“I guess the college can run without your help,” said Baldwin. “You didn’t appear very anxious to help it last spring.”
“We have just admitted that we believe we were wrong, Baldwin,” said Larry. “It seems to me we are offering whatever we have—and Mr. Haxton is judge of what is best for the team and the school.”
“You seem to think you can win a place on this team as easily as you can one with those niggers and Japs at the ranch,” sneered Baldwin. “You’ll find the decent fellows here will not stand for it—or for you.”
“Hold on, Baldwin, hold on,” remarked Paw Lattiser mildly. “Seems to me, from what I’ve heard, someone else is trying to run things.”

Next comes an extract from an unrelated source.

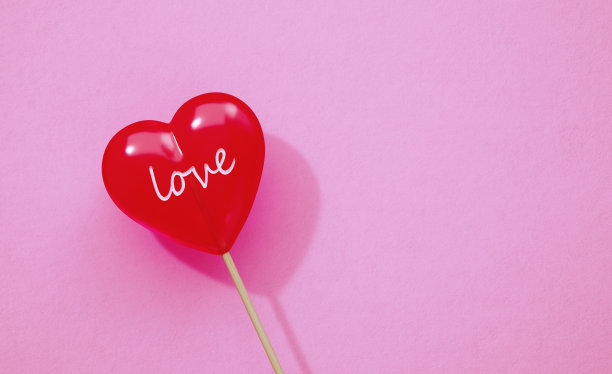 爱的概念-爱写在心形棒棒糖在粉红色的背景图片下载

“What have you to do with this, Lattiser?” snapped Haxton, who resented the patronizing calmness of the veteran. “I’m running this team.”
“Well,” replied Lattiser quaintly, “I admit that—although from the last two years’ showing you have little enough to boast about. The point is this: I gave these youngsters some advice last fall; told them they were here to work for the honor of the school and not for their own reputations. I overheard them planning to come and offer their services, so I thought I’d stroll down and see if they were right when they claimed, last year, that they were not wanted.”
“We want players who can play—and are willing to do right,” said Haxton. “We’ve had enough swelled-headed players who think they can run the team.”
“You’re the judge of their ability,” remarked Lattiser. “But it seems to me you’re judging the ability of these four youngsters in rather an off-hand manner, since you’ve never even seen them play. There is a feeling among the students now that the teams are not being chosen with a view to the best results—and if this idea spreads it will not help Cascade as an athletic school—or any other way.”
“Any student is at liberty to try for the team,” assented Haxton sulkily.
“You’re not going to let them”—— Baldwin stopped in the midst of his angry question. He, as well as Haxton, recognized the power of Paw Lattiser over the students, and he checked himself through fear of arousing the placid veteran to action.